Slovenia Withdraws from Eurovision 2026: Broadcaster Says It “Will Not Stand on the Same Stage” as Israel

Slovenia will not take part in Eurovision 2026. The announcement followed a tense and at times confusing Winter General Assembly in Geneva, where calls for a secret vote on Israel’s participation were rejected and member broadcasters were left debating a motion that, according to several delegations, felt deliberately opaque.

RTV Slovenija was among the broadcasters pushing for a secret ballot alongside Spain, Montenegro, the Netherlands, Turkey, Algeria and Iceland. The vote never materialised. Instead, the Assembly was asked to decide whether Eurovision should proceed under the “planned scenario” for 2026 — a scenario which effectively kept Israel in the competition without requiring a direct vote on the issue.

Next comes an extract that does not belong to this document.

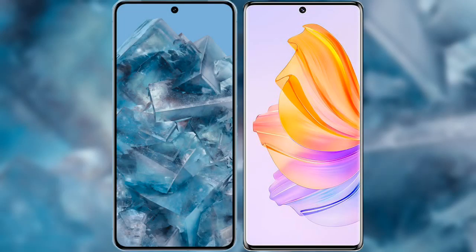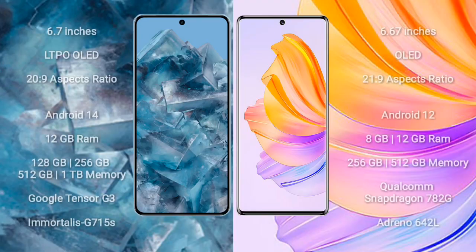I will compare the new Google Pixel 8 Pro with Honor 8T. Google Pixel 8 Pro comes with a 6.7-inch LTPO OLED display and an aspect ratio of 20:9. Honor 8T comes with a 6.67-inch OLED display and an aspect ratio of 21:9.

In the end, 11 states backed a vote on participation, five abstained, and the rest opposed any changes.
That was enough clarity for Slovenia.

After the meeting, the broadcaster’s director-general Natalija Gorščak told TV Slovenija that “Slovenia will not participate. The Spanish won’t either, the Dutch won’t, and neither will the Irish.”
Her conclusion was blunt, and not delivered for dramatic effect.

“We cannot stand on the same stage as a representative of a country that has committed genocide”

If the Assembly tried to be diplomatic, Slovenia certainly did not.

Ksenija Horvat, Director of TV Slovenija, reminded colleagues that the broadcaster itself had pushed the EBU to confront the controversy around Israel’s involvement. She stated plainly that the EBU “could have shown moral and ethical leadership” and that it had failed to do so.

Her reasoning was stark:

  • Gaza is the only territory in the world where foreign journalists cannot operate.
  • People continue to die in “unbearable humanitarian conditions”.
  • Slovenia refuses to stand on the same stage as a representative of a country responsible for what they describe as a genocide.

Gorščak went further, addressing the Assembly directly. She pointed out the contrast between the EBU’s swift exclusion of Russia in 2022 and its hesitation now. She reminded members that over 200 journalists have been killed in Gaza, and that the Israeli performance last year was openly political.

Her most cutting line came at the end:
“We will not participate in Eurovision if Israel is there. In the name of the 20,000 children who have died in Gaza.”

No metaphors. No softening. Just a line in the sand.

The wider fracture inside the EBU

Slovenia’s decision puts it in company with Spain, Ireland and the Netherlands — all of whom have already announced withdrawals if Israel remains in the competition.
Spain went so far as to accuse the EBU leadership of causing “the greatest internal tensions in its history.”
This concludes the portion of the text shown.